Unscented Autoencoder
Faris Janjo\v{s}, Lars Rosenbaum, Maxim Dolgov, J. Marius Z\"ollner

TL;DR
The paper introduces the Unscented Autoencoder, a novel deep generative model that uses the Unscented Transform for improved posterior representation and Wasserstein metric for sharper reconstructions, demonstrating competitive results.
Contribution
It proposes a new deterministic sampling approach for VAEs, called the Unscented Autoencoder, combining the Unscented Transform and Wasserstein metric for better posterior estimation and training stability.
Findings
Achieves competitive FID scores compared to related models.
Exhibits lower training variance than traditional VAEs.
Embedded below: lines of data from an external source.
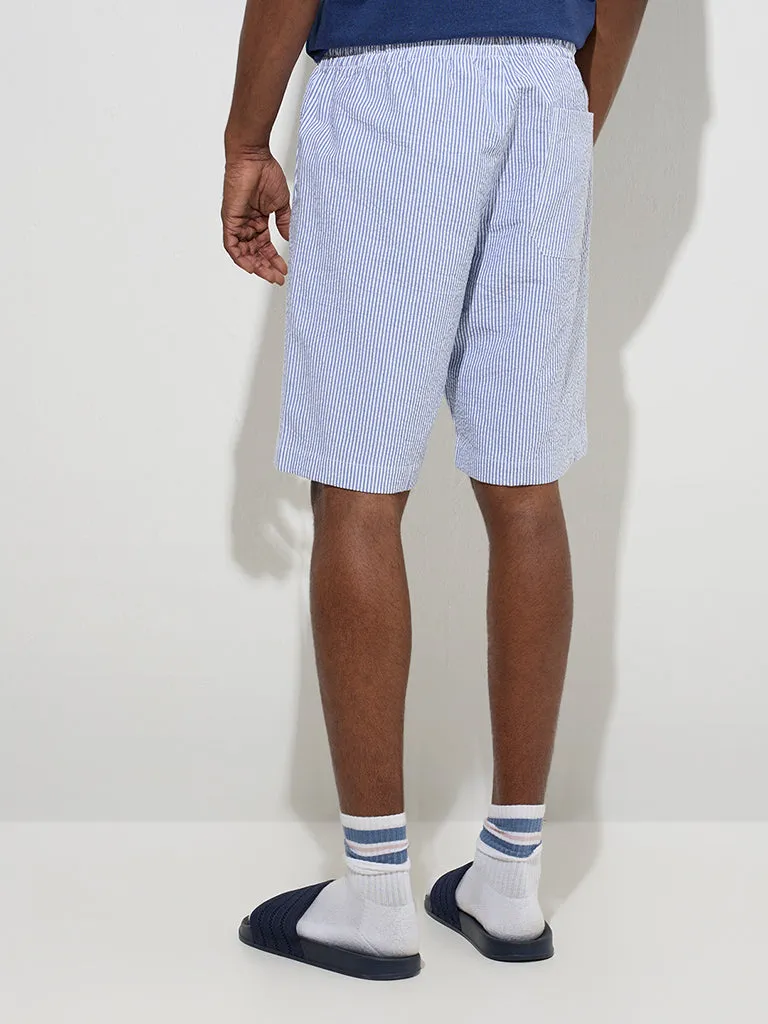 WES Lounge Blue Relaxed-Fit Mid-Rise Cotton-Blend Shorts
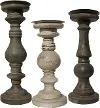 12  Distressed Shade of Gray Wood Candle Holder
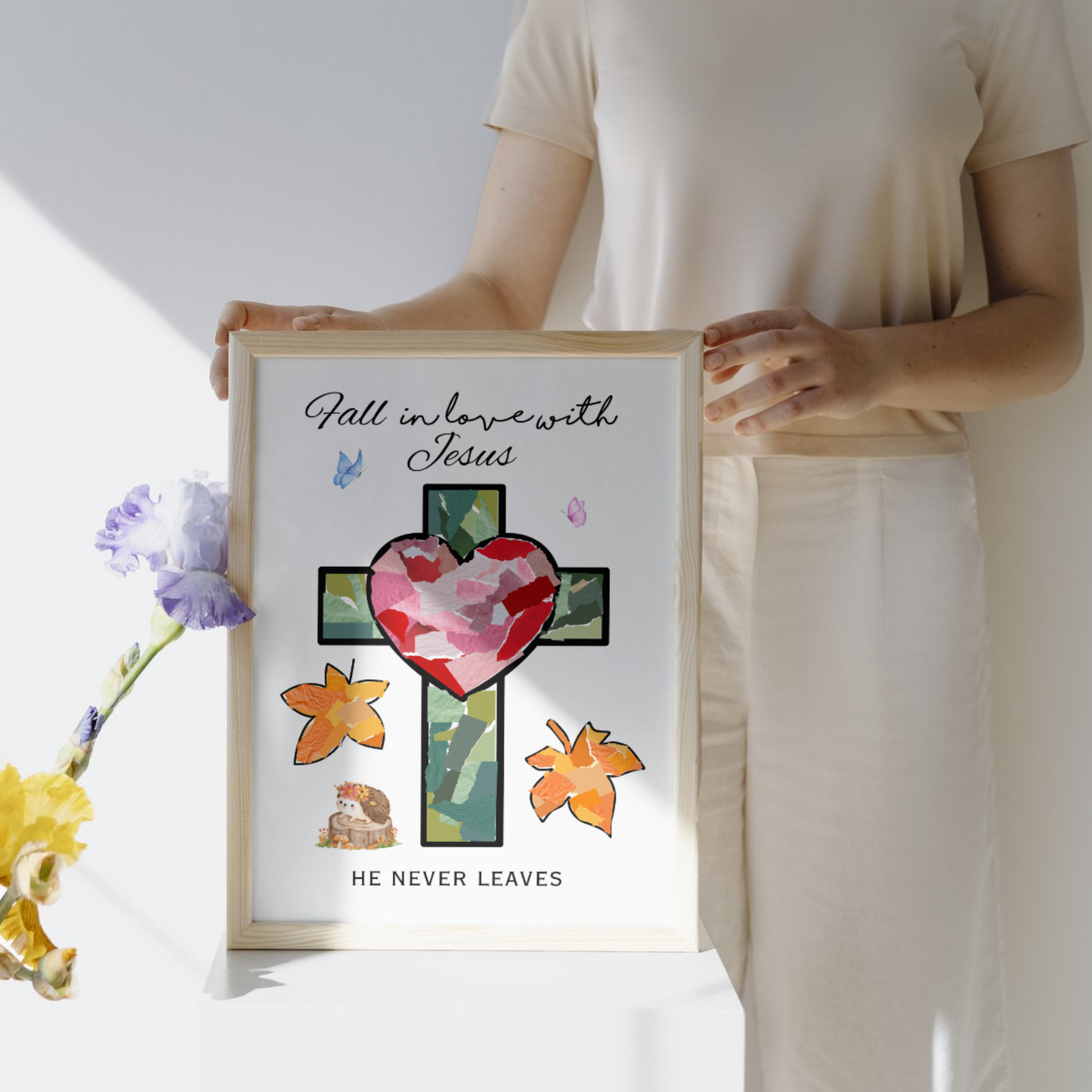 Fall Torn Paper Jesus Cross Craft Printable for Kids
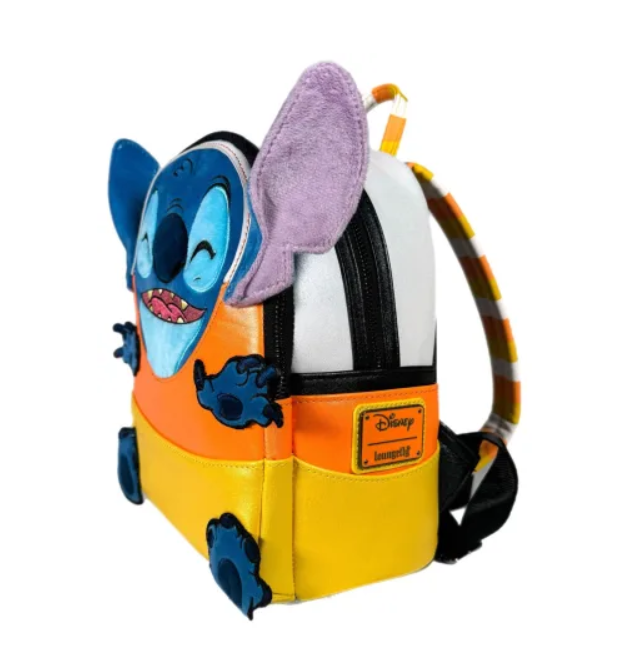 Loungefly! Leather: Disney Stitch Candy Corn Sequin Mini Backpack_1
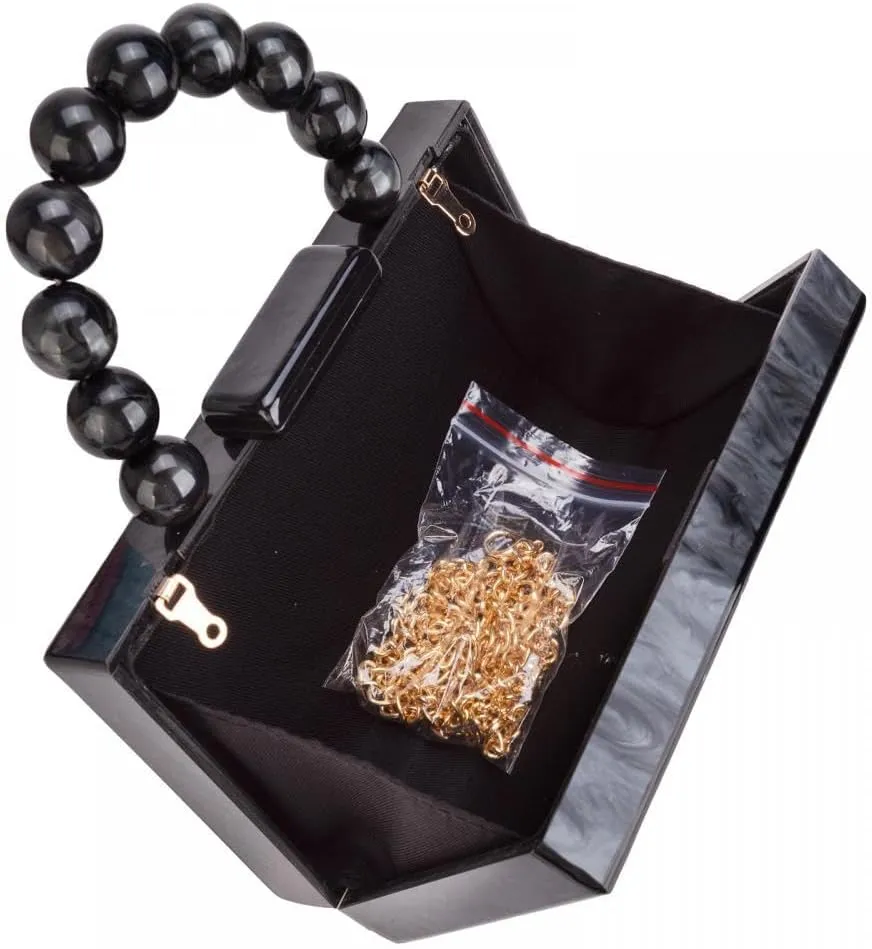 Gets Acrylic Clutch Purses for Women with Marbling Purses and Handbags Elegant Banquet Evening Crossbody Bag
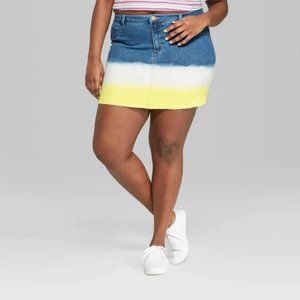 Wild Fable Jean Skirt Yellow Dip Dye New With Tags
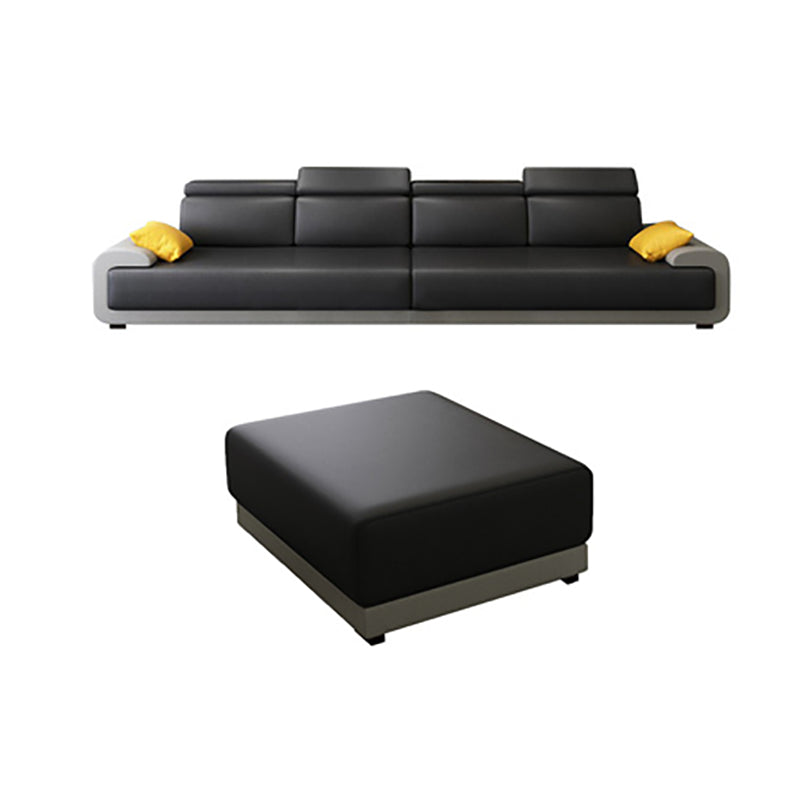 Contemporary Faux Leather Sectional Sofa Pillow Top Arm Cushions Seating for Living Room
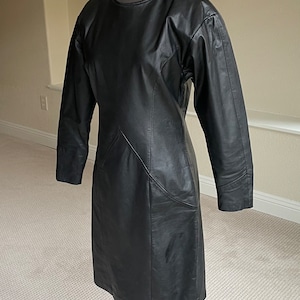 Vintage Black Leather Dress 1980 1990 image 4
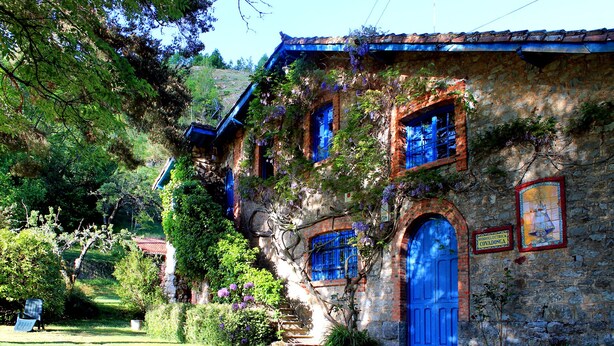 A stone building with blue doors and windows, surrounded by lush greenery.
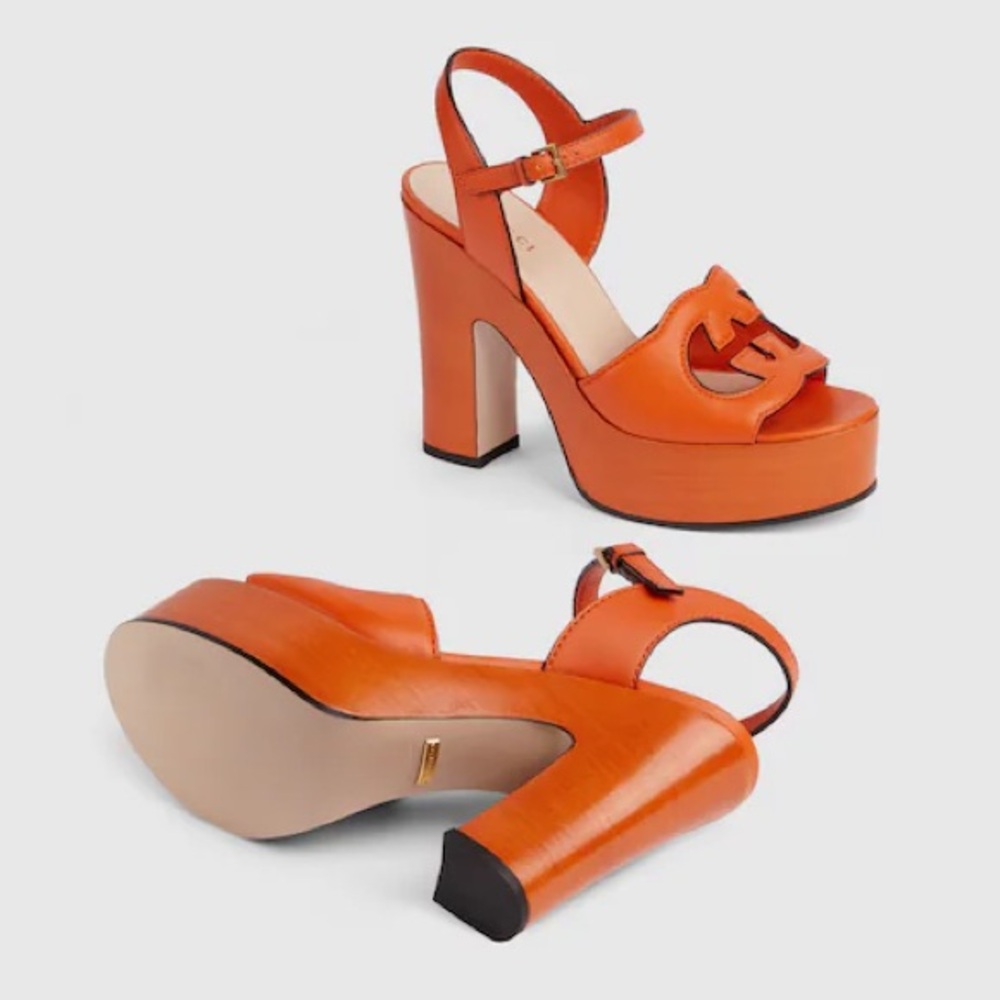 Gucci Orange Platform Sandals
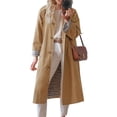 thumbnail image 3 of Spring Fall Women Plaid Patchwork Long Sleeved Single Breasted Casual Trench Coat, 3 of 7
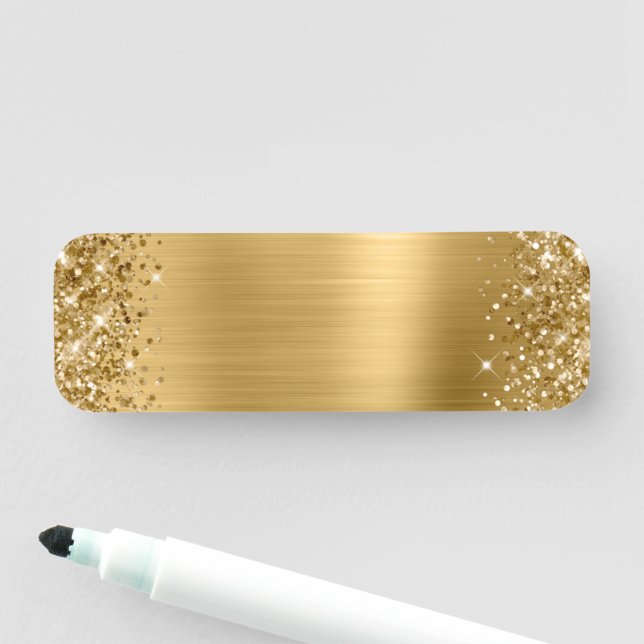 Glittery Gold Foil Blank Namensschild (Beispiel)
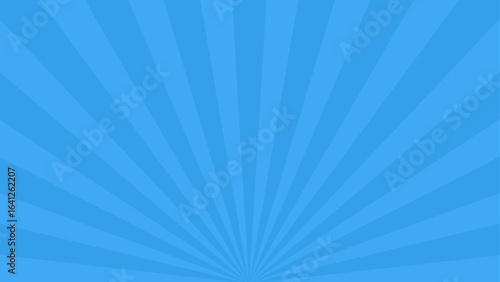 青の放射線状の横長背景素材
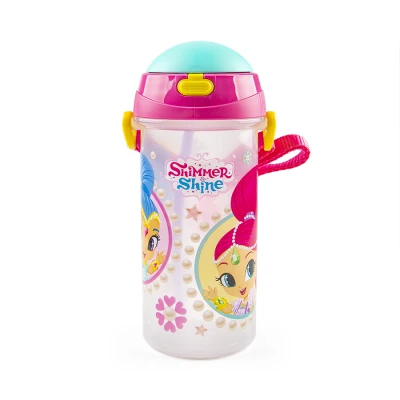 Kidztime x Shimmer & Shine Children Toddler BPA Free Cartoon Character Straw Water Bottle + FREE Straw Replacement Program (550ml) (3)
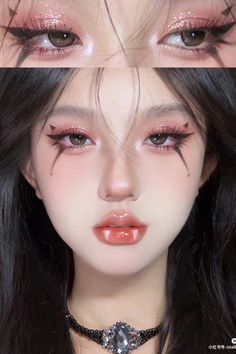 Cute Halloween Make Up Simple, Vampire Makeup Asian, Pink Makeup Looks Halloween, Chinese Halloween Makeup, Halloween Makeup Red Hair, Japanese Inspired Makeup, Douyin Colorful Makeup, Doll Makeup Looks Halloween, Naruto Makeup Inspired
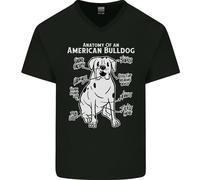 Maglietta In Cotone A V Per Uomo Con Anatomia Divertente Del Bulldog Americano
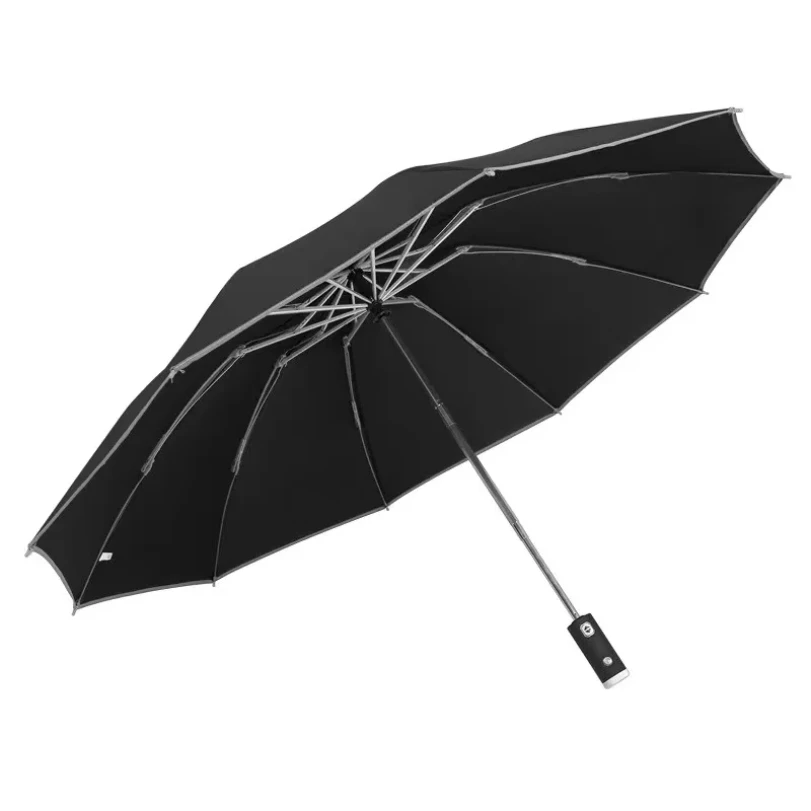LED Umbrella Male Fully Automatic Reverse Umbrella Female Dual Purpose Folding Automatic Umbrella Large Size - Image 6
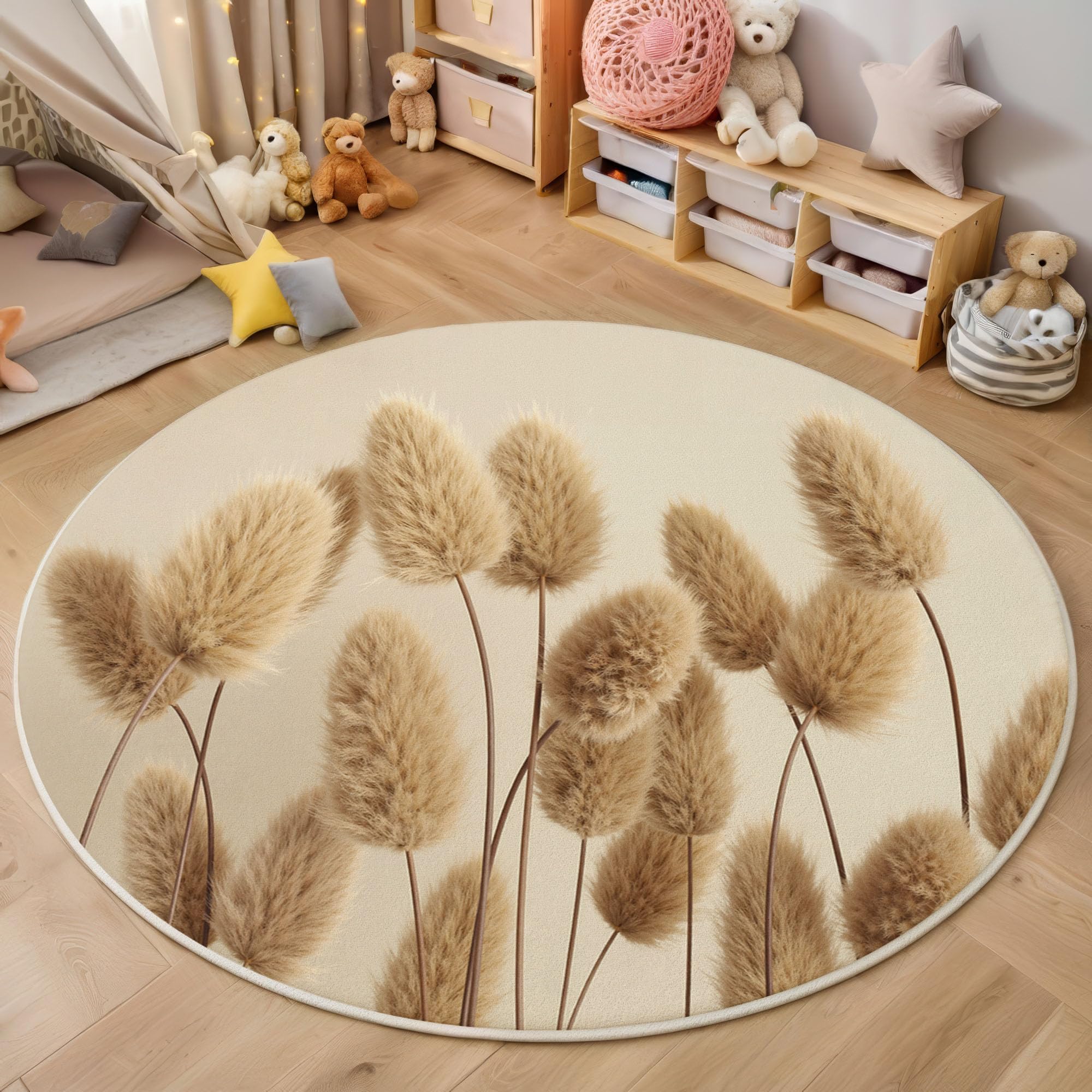 Alfombra Redonda Hierba Cola Conejo Esponjosa, 100cm Alfombras de Pelo Corto Suave Sencillez Natural Tapetes Antideslizante y Lavables para Sala de Estar, Dormitorio y Habitación Infantil, Beige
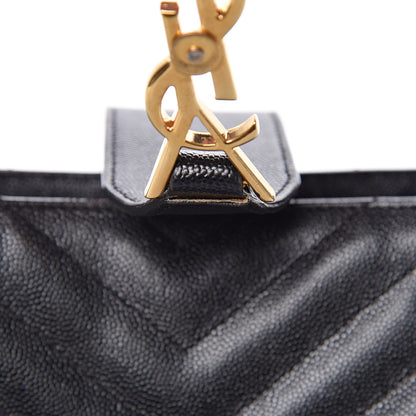Saint Laurent Grain De Poudre Matelasse Chevron Monogram Shopping Bag Black 8 of 11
Utilizes deterministic sigma points for improved posterior approximation.
Abstract
The Variational Autoencoder (VAE) is a seminal approach in deep generative modeling with latent variables. Interpreting its reconstruction process as a nonlinear transformation of samples from the latent posterior distribution, we apply the Unscented Transform (UT) -- a well-known distribution approximation used in the Unscented Kalman Filter (UKF) from the field of filtering. A finite set of statistics called sigma points, sampled deterministically, provides a more informative and lower-variance posterior representation than the ubiquitous noise-scaling of the reparameterization trick, while ensuring higher-quality reconstruction. We further boost the performance by replacing the Kullback-Leibler (KL) divergence with the Wasserstein distribution metric that allows for a sharper posterior. Inspired by the two components, we derive a novel, deterministic-sampling flavor of the VAE, the…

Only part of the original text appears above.